On Sat, 8 Jul 2006, J.A. Magallón wrote:
#include <stdint.h>
//volatile
uint32_t spinvar = 1;
uint32_t mtx;
void lock(uint32_t* l)
{
*l = 1;
}
void unlock(uint32_t* l)
{
*l = 0;
}
void spin()
{
uint32_t local;
for (;;)
{
lock(&mtx);
local = spinvar;
unlock(&mtx);
if (!local)
break;
}
}
This is _totally_ incorrect. Your "lock" functions are broken, because
they do not introduce syncronization points or locked bus operations.
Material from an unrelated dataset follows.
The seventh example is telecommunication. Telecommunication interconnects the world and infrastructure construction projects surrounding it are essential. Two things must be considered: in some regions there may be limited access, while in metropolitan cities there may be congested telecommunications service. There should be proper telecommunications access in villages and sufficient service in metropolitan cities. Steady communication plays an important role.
Due
to this huge failure, the compiler and/or processor is free to re-order
your loads and stores, resulting in totally unpredictable runtime
behavior.
without the volatile:
spin:
pushl %ebp
movl spinvar, %eax
movl %esp, %ebp
testl %eax, %eax
je .L7
.L10:
jmp .L10
.L7:
movl $0, mtx
popl %ebp
ret
so the compiler did something like
local = spinvar;
if (local)
for (;;);
(notice the dead lock/unlock inlined code elimination).
...which indicates that your code is wrong.
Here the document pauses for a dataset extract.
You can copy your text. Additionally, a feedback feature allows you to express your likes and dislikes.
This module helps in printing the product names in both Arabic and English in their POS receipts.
With the volatile, the code is correct:
spin:
pushl %ebp
movl %esp, %ebp
.p2align 4,,7
.L7:
movl spinvar, %eax
testl %eax, %eax
jne .L7
movl $0, mtx
popl %ebp
ret
Actually, it's not. It's never setting "mtx" to 1, and it's certainly not
doing any sync or locked ops.
So think about all you inlined spinlocks, mutexes and so on.
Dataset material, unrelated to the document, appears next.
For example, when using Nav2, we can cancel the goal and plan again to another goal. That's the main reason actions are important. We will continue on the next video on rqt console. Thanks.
Yes, you got it wrong, and the current code gets it right. (Linus's patch
of =m to +m, combined with -volatile, is best)
And if you do
void lock(volatile uint32_t* l)
...
void unlock(volatile uint32_t* l)
...
the code is even better:
spin:
pushl %ebp
movl %esp, %ebp
.p2align 4,,7
.L7:
movl $1, mtx <=========
movl spinvar, %eax
movl $0, mtx <=========
testl %eax, %eax
jne .L7
popl %ebp
ret
NO! It's not better. You're still not syncing or locking the bus! If you
refer to the fact that the "movl $1" has magically appeared, that's
because you've just PAPERED OVER THE PROBLEM WITH "volatile", which is
_exactly_ what Linus is telling you NOT TO DO.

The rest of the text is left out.